Expoagro event pulls in big crowd, says Federico Rolle

Expoagro 2011, Argentina’s largest open-field agricultural exhibition and equivalent to the UK’s Cereals event, attracted some 200,000 visitors.

A combination of good weather, an improving crop this year – despite the struggling start due to the dry weather – and strong international crop prices were reflected in great enthusiasm for the four-day show this month.

Highlights included axial-flow combine harvesters, which in the past six years have grown to nearly 70% of the market, technical innovations for precision farming, such as performance monitors, and new seed dressings to combat pests and diseases to increase the productivity of soya beans, corn and sunflower crops.
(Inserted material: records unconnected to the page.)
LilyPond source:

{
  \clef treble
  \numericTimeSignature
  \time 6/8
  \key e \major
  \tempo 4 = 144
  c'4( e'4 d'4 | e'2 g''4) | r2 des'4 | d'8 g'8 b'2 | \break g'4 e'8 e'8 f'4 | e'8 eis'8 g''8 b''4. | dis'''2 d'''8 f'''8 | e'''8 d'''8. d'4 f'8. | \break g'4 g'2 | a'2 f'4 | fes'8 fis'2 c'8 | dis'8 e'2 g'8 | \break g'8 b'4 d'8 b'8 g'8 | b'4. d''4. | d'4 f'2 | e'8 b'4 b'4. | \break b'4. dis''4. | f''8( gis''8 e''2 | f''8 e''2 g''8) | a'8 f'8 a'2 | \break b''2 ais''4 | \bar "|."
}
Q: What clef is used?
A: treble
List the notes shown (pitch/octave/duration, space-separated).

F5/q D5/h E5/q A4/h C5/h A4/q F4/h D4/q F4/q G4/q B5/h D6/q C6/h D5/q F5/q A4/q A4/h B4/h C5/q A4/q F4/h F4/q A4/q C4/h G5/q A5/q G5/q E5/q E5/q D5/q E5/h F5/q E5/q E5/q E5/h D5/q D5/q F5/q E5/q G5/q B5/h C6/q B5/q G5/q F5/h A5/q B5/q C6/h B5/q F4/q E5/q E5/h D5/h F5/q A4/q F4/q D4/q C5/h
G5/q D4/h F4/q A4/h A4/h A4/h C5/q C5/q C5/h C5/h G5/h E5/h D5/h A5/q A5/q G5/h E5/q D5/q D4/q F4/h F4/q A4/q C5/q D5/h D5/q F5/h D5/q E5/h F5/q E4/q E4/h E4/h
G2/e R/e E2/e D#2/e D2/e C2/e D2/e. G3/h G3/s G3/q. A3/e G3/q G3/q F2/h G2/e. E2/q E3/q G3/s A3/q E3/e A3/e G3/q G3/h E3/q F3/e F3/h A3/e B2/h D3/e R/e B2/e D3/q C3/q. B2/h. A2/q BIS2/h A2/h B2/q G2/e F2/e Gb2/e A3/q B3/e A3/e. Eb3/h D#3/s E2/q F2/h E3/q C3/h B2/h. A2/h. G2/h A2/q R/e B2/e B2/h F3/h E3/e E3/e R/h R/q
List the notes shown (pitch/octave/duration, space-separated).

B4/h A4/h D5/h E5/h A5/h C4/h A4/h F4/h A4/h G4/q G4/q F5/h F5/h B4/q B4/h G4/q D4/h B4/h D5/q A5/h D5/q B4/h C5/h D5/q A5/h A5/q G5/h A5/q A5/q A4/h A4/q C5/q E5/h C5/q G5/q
The increasing use of GM crops in the world was also featured, which in 2010 reached 148m hectares globally, including 67m in the USA, 25m in Brazil and 23m in Argentina.

New high-yielding transgenic soybeans that offer tolerance to lepidoptero (worms) throughout the crop cycle by the bacterial toxin Bacillus thuringiensis (Bt), which is toxic to many insects, were also announced, although their arrival here may be delayed by the legal framework of intellectual property. The seed industry is seeking agreements with farming institutions, who recognise the value of the new varieties, to facilitate these new soya bean technologies. But the problem with releasing these new varieties is that farm-saved seed cannot easily be relegated.

Over the next month, I will start harvesting my soya bean crop on the 500ha of land that I rent in Bigand, at the heart of the Pampas region. Good international prices – currently US$332/t (£205/t) in Argentina – and high yield expectations of around 3.4t/ha, looks promising. Despite the high export retention taxes of soya beans (35%) and some non-farmer friendly actions of our present government, this should mean I can still generate a margin of US$500/ha (£310/ha). I’ll also shortly be buying my next cycle of crop inputs of urea and monoammonium phosphate for 2011-12 as fertiliser prices are rising.